Last night, I was scrolling through Facebook and came across a memory from three years ago. It was Shayna and Kayla at the first family weekend Kayla had at UT. In fact, it would be the only one Shayna would attend, in the flesh. I look at pictures of Shayna all day every day from my screensaver on my computer, to my lock screen on my phone, to her pictures in the foyer. But, some pictures impact me more than others. I hadn’t seen this one in a while. She is staring straight into the camera with those eyes that could pierce my soul, and it brought me immediately to tears. Man, do I miss her. Most of the time it’s tolerable at this point. But, there are those moments…
As I always do, I said good night to her as I stepped out onto the deck to let the dogs out for the night. I usually say good night to her as I close the bedroom door, as I did when she was going to sleep down the hall. But, I seemed to hear her say to me “Why do you tell me good night?”.

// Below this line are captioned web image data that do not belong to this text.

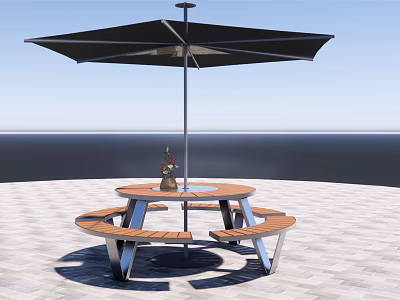 Outdoor Round Table With Benches And Large Black Umbrella On Paved Terrace 3d model
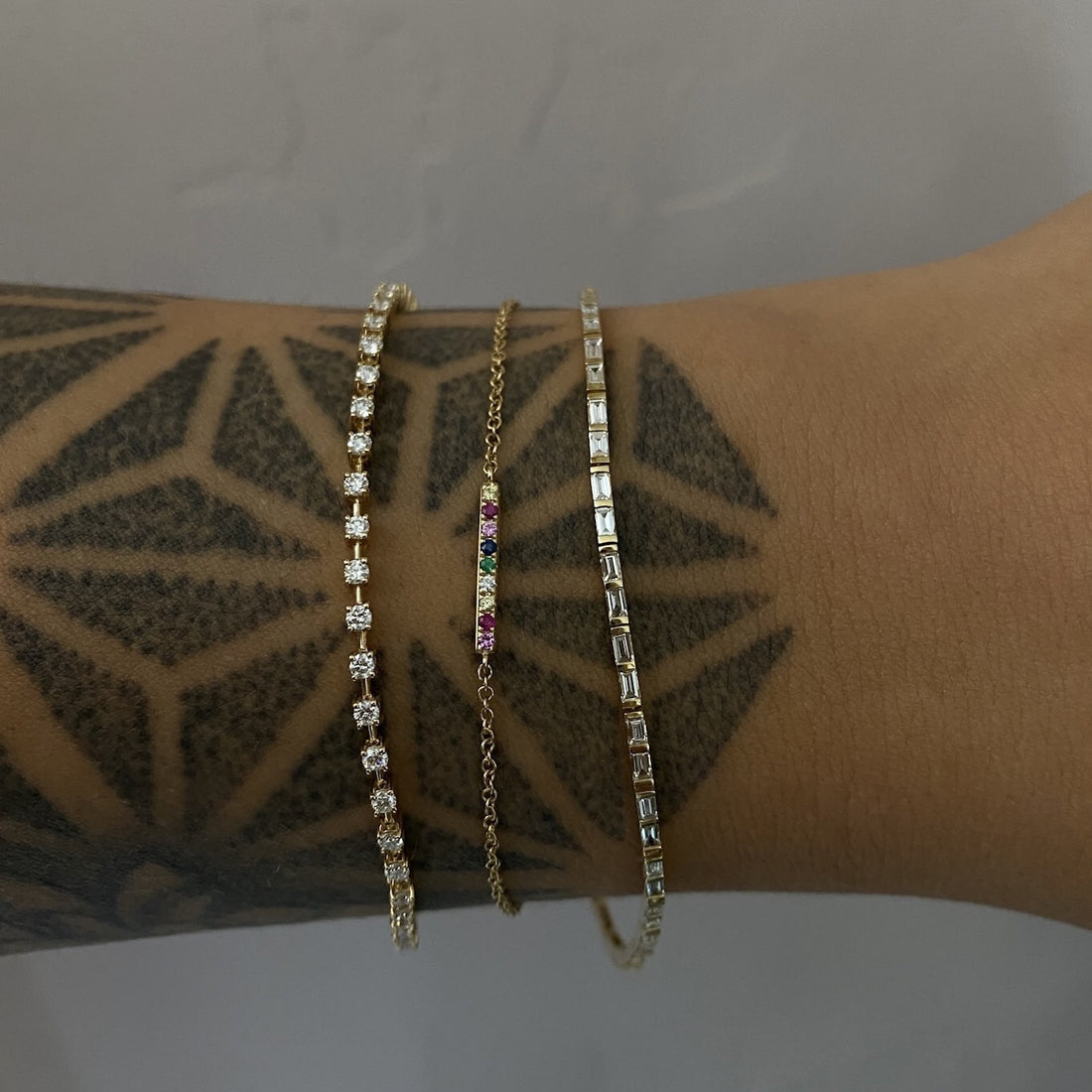 1.17 TCW Round Moissanite Tennis Bracelet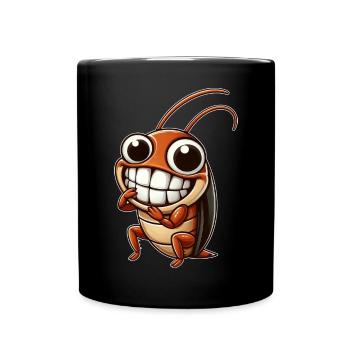 Süße Kakerlake Schabe Cartoon Comic - Tasse einfarbig - Schwarz - Vorne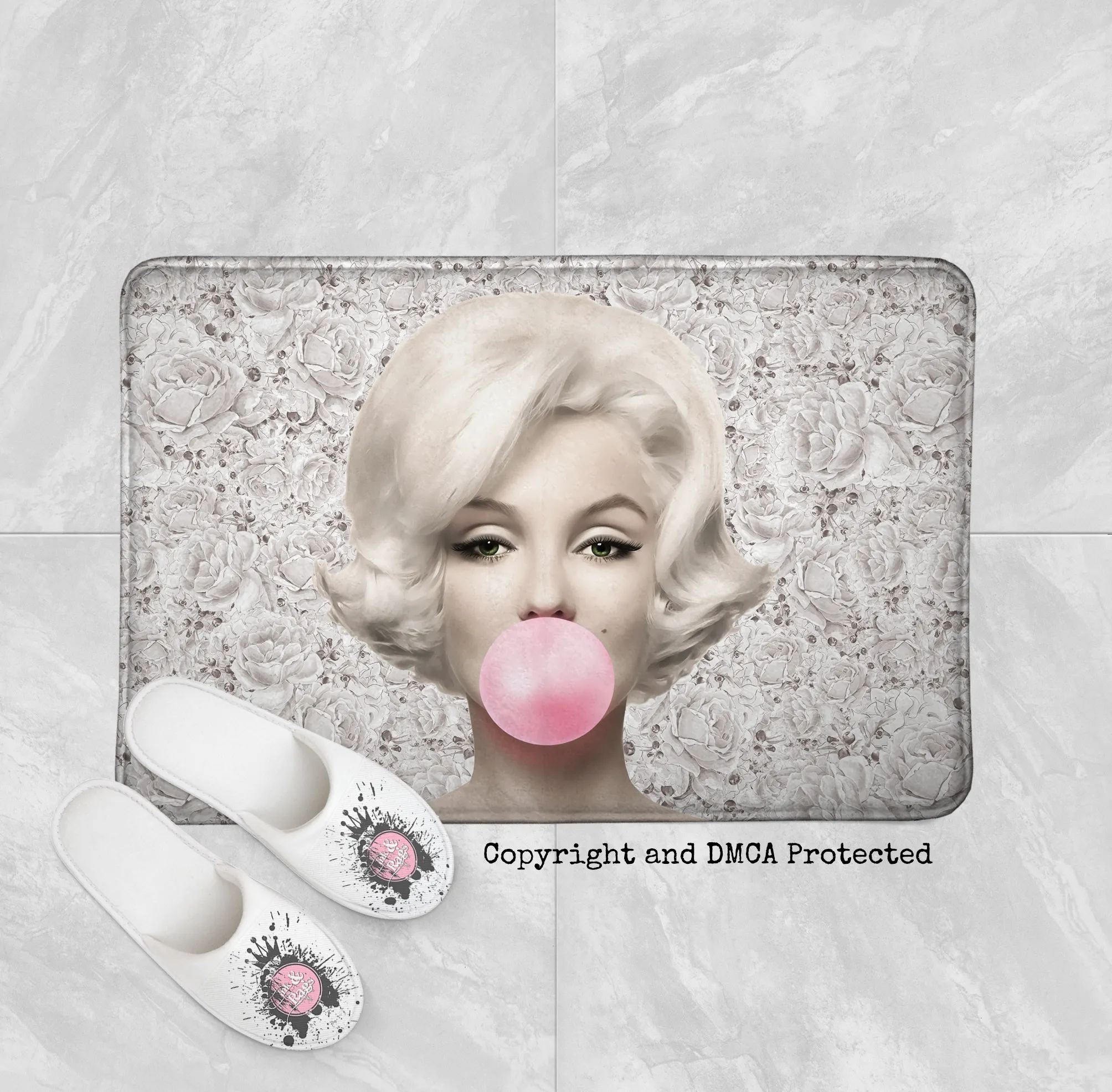 Beige Rose Marilyn Monroe Bubble Gum Shower Curtains and Optional Bath Mats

A couple of days ago I was in a video meeting with James Van Praagh. He said that every night as we sleep our spirits slip out of our bodies. I’ve heard this before. This is the time when we visit with our loved ones, and our guides. This is the time when we “dream”. We don’t remember most of this. Sleep is a funny thing. We think of it as a time for the body to rest. But, why would the body need to rest? And when we’re asleep, it’s not like the body is off. Lots of stuff is going on in the body. Most processes continue right through our sleep. In some ways, in some states of sleep, our brains are actually more active than when we are awake. One theory I have heard of why we sleep is being in this body is hard for our spirits. Sleep isn’t a time for our body to rejuvenate, it’s time for our spirits to rejuvenate. We take little trips Home every night to recharge, plan, visit, and recuperate. We just don’t remember them. When I woke this morning, I had the distinct impression I was with Shayna during my sleep, but I have no memory of it.
I’ll probably continue to say good night to Shayna every night. It’s a habit at this point. But, instead of saying goodbye, I should probably be saying hello.